(Task to carry out) Find "balenciaga сабо,сабо баленсиага" and "Réchaud à popcorn" in the records below. Copy the lines holding them and every line between, exactly, and no others.

Short web captions
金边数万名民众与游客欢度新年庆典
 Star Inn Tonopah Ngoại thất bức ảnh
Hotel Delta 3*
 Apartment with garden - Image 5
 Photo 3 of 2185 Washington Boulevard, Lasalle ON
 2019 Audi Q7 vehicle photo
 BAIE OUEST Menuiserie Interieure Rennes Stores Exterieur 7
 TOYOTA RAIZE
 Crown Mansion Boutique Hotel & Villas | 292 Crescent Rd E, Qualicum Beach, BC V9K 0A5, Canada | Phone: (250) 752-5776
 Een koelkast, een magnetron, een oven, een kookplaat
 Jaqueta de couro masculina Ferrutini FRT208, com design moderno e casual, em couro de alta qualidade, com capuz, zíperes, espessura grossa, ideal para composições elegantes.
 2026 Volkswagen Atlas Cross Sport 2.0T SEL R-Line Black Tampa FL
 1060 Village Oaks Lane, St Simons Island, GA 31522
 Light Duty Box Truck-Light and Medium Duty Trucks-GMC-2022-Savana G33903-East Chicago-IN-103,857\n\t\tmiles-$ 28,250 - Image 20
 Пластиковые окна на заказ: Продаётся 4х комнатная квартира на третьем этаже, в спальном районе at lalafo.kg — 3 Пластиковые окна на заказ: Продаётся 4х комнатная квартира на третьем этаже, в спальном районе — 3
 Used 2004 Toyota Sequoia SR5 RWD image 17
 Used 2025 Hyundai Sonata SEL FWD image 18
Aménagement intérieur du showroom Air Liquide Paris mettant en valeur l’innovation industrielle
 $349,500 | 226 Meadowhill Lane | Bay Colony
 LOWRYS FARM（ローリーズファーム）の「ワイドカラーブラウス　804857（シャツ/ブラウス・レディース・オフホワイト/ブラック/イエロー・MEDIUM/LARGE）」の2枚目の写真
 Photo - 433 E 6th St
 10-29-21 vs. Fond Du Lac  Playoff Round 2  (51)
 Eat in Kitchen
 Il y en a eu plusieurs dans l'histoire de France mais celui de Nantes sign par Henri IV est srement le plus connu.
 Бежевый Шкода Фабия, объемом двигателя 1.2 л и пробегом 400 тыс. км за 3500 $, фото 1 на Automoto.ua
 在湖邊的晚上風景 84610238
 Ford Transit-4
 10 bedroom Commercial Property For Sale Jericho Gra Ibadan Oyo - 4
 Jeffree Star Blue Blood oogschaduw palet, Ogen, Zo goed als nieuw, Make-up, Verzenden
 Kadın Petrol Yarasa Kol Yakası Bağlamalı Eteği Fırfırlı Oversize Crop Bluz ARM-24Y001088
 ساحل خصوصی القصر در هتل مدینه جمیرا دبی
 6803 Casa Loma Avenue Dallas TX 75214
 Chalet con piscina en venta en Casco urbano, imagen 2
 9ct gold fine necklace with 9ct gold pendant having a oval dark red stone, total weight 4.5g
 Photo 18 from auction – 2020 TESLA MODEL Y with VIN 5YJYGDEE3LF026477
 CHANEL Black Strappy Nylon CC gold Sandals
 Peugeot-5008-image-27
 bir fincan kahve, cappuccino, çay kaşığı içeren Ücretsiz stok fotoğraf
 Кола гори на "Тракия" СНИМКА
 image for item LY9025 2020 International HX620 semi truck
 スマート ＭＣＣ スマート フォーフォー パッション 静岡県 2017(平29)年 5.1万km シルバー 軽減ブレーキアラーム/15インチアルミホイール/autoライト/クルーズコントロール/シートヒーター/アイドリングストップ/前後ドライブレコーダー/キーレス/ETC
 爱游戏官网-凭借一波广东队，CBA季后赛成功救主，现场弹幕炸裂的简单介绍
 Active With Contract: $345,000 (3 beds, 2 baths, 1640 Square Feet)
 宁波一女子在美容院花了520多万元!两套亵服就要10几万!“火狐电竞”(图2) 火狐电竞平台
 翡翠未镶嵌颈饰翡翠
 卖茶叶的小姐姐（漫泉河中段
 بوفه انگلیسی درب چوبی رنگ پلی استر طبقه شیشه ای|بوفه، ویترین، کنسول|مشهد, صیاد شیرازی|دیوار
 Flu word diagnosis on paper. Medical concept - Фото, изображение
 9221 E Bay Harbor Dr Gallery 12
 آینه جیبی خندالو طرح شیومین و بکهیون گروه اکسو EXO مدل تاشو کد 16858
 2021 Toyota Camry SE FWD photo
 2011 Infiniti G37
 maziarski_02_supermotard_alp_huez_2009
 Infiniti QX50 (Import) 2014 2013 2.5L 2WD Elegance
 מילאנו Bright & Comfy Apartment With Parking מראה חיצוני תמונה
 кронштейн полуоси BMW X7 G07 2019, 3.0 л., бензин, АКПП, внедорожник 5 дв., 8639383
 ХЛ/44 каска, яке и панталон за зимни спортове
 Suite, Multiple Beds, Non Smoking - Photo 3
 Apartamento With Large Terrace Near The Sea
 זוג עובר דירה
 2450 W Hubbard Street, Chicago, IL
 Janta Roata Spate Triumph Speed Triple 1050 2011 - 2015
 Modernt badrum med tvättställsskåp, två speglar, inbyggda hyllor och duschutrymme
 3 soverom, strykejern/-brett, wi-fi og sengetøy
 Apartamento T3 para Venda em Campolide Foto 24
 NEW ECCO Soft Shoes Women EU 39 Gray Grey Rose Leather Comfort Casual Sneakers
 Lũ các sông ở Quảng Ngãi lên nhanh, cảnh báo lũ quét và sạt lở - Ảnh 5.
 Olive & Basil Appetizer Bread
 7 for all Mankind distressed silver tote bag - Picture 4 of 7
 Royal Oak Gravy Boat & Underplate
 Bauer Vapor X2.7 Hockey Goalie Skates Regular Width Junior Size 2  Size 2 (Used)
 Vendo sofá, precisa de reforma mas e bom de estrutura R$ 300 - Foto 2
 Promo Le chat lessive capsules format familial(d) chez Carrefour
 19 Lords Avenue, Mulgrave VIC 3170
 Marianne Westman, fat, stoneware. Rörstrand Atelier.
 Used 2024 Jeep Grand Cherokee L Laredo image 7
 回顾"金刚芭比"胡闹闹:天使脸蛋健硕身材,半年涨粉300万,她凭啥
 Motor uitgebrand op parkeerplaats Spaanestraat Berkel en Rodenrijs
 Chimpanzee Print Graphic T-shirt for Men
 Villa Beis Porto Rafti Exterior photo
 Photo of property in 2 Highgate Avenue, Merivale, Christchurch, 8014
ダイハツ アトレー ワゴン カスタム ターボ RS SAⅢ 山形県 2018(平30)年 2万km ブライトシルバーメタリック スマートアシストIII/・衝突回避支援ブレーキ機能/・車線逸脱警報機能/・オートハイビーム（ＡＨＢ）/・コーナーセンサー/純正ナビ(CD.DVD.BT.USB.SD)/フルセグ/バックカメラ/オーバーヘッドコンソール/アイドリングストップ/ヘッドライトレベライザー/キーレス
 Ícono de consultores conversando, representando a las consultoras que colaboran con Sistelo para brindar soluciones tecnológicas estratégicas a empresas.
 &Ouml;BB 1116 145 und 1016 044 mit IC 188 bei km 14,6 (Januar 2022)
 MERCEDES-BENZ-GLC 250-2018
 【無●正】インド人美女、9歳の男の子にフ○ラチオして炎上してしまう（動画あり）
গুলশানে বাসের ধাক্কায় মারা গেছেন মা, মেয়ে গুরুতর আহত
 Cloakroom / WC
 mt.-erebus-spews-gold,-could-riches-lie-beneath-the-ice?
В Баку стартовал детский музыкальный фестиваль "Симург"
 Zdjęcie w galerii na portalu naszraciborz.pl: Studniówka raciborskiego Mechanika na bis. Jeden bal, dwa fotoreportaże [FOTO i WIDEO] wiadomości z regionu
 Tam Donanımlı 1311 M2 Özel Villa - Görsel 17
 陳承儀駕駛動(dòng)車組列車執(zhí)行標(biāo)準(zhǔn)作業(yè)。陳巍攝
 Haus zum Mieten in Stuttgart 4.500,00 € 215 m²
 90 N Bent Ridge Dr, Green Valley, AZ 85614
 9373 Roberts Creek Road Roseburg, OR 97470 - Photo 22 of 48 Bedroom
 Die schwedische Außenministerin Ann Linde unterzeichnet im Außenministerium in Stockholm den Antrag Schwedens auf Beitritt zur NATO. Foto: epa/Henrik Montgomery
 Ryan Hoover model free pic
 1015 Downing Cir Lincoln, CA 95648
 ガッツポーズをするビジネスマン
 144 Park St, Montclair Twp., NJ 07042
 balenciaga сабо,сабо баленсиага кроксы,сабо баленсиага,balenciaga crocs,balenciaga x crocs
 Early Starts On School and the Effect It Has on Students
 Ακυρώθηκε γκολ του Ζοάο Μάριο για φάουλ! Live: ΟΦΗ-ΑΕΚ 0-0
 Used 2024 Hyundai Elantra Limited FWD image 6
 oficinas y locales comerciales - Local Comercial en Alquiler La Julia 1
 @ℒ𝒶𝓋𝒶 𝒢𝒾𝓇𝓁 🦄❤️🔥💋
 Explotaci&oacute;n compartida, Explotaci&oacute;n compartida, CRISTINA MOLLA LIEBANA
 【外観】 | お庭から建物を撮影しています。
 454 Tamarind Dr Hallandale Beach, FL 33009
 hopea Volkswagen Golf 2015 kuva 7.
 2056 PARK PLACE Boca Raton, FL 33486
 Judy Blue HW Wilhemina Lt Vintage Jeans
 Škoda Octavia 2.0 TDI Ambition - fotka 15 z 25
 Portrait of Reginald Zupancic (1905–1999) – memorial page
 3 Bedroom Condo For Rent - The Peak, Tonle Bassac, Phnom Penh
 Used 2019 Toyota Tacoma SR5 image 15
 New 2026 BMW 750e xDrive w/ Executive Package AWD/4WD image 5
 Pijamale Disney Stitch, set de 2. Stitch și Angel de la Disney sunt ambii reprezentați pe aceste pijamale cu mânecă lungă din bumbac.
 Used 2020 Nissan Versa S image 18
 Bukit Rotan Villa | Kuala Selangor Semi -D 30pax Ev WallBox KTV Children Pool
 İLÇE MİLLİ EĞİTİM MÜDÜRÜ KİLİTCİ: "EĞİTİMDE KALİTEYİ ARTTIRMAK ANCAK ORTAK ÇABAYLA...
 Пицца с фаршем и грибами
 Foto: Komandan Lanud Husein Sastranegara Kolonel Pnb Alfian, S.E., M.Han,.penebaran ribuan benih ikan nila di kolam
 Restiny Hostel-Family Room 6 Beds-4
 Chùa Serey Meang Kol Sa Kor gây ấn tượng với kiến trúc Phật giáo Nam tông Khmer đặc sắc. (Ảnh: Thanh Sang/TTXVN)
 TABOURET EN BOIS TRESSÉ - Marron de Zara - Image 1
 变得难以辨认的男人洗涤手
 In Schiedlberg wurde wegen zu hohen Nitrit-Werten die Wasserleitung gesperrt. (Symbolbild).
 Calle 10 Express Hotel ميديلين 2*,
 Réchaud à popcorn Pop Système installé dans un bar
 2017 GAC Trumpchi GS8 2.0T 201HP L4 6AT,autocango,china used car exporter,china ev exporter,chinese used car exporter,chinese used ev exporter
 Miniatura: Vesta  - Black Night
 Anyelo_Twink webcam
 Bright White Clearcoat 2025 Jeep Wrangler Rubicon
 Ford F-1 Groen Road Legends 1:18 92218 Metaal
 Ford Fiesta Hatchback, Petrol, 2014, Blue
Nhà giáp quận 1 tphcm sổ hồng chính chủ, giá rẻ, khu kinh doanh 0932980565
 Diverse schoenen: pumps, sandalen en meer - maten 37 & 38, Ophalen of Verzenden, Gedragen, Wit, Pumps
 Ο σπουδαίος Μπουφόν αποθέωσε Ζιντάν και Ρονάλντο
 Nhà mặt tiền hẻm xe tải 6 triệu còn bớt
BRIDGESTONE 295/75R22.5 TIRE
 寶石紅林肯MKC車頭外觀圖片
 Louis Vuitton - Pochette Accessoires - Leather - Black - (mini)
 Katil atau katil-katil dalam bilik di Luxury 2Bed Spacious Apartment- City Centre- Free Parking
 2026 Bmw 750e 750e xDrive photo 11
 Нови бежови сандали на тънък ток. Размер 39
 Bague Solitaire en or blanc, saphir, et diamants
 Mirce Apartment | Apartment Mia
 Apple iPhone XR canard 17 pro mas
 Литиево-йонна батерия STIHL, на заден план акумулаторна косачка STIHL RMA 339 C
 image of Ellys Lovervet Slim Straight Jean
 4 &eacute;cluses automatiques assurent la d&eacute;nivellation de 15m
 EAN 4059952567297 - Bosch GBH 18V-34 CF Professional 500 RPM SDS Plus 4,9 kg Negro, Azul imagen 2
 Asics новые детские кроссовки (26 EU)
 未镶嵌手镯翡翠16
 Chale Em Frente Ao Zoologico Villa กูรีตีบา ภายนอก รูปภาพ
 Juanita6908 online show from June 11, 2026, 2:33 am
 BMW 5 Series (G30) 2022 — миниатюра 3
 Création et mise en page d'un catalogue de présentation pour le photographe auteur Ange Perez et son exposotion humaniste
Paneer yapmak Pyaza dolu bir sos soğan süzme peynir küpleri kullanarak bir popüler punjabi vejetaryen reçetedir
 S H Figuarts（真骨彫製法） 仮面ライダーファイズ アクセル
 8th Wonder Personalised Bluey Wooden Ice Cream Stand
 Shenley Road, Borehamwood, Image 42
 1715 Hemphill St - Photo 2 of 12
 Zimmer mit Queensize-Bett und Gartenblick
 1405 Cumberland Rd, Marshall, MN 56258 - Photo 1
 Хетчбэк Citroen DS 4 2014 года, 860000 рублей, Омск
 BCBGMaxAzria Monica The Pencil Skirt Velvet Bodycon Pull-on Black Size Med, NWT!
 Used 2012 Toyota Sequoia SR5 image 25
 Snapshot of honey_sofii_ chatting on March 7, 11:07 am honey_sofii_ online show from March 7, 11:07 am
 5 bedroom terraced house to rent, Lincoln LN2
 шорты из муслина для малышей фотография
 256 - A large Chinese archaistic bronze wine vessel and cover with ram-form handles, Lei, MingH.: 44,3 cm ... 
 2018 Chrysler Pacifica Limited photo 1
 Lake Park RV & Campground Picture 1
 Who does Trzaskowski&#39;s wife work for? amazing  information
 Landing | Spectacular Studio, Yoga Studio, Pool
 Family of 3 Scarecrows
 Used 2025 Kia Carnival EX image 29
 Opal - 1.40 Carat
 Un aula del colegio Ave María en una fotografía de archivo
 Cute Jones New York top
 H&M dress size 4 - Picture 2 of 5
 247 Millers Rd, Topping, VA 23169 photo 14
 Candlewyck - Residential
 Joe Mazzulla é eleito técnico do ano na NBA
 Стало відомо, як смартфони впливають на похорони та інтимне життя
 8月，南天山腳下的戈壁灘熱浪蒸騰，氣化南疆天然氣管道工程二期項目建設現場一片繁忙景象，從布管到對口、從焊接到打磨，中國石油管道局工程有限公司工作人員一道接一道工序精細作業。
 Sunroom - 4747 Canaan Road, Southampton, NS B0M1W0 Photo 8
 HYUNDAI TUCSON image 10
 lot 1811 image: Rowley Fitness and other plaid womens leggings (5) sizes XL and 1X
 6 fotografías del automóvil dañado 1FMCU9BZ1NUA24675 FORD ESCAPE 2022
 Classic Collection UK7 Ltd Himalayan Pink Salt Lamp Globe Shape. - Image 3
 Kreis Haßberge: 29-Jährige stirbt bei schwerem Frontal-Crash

(Response area)
 balenciaga сабо,сабо баленсиага кроксы,сабо баленсиага,balenciaga crocs,balenciaga x crocs
 Early Starts On School and the Effect It Has on Students
 Ακυρώθηκε γκολ του Ζοάο Μάριο για φάουλ! Live: ΟΦΗ-ΑΕΚ 0-0
 Used 2024 Hyundai Elantra Limited FWD image 6
 oficinas y locales comerciales - Local Comercial en Alquiler La Julia 1
 @ℒ𝒶𝓋𝒶 𝒢𝒾𝓇𝓁 🦄❤️🔥💋
 Explotaci&oacute;n compartida, Explotaci&oacute;n compartida, CRISTINA MOLLA LIEBANA
 【外観】 | お庭から建物を撮影しています。
 454 Tamarind Dr Hallandale Beach, FL 33009
 hopea Volkswagen Golf 2015 kuva 7.
 2056 PARK PLACE Boca Raton, FL 33486
 Judy Blue HW Wilhemina Lt Vintage Jeans
 Škoda Octavia 2.0 TDI Ambition - fotka 15 z 25
 Portrait of Reginald Zupancic (1905–1999) – memorial page
 3 Bedroom Condo For Rent - The Peak, Tonle Bassac, Phnom Penh
 Used 2019 Toyota Tacoma SR5 image 15
 New 2026 BMW 750e xDrive w/ Executive Package AWD/4WD image 5
 Pijamale Disney Stitch, set de 2. Stitch și Angel de la Disney sunt ambii reprezentați pe aceste pijamale cu mânecă lungă din bumbac.
 Used 2020 Nissan Versa S image 18
 Bukit Rotan Villa | Kuala Selangor Semi -D 30pax Ev WallBox KTV Children Pool
 İLÇE MİLLİ EĞİTİM MÜDÜRÜ KİLİTCİ: "EĞİTİMDE KALİTEYİ ARTTIRMAK ANCAK ORTAK ÇABAYLA...
 Пицца с фаршем и грибами
 Foto: Komandan Lanud Husein Sastranegara Kolonel Pnb Alfian, S.E., M.Han,.penebaran ribuan benih ikan nila di kolam
 Restiny Hostel-Family Room 6 Beds-4
 Chùa Serey Meang Kol Sa Kor gây ấn tượng với kiến trúc Phật giáo Nam tông Khmer đặc sắc. (Ảnh: Thanh Sang/TTXVN)
 TABOURET EN BOIS TRESSÉ - Marron de Zara - Image 1
 变得难以辨认的男人洗涤手
 In Schiedlberg wurde wegen zu hohen Nitrit-Werten die Wasserleitung gesperrt. (Symbolbild).
 Calle 10 Express Hotel ميديلين 2*,
 Réchaud à popcorn Pop Système installé dans un bar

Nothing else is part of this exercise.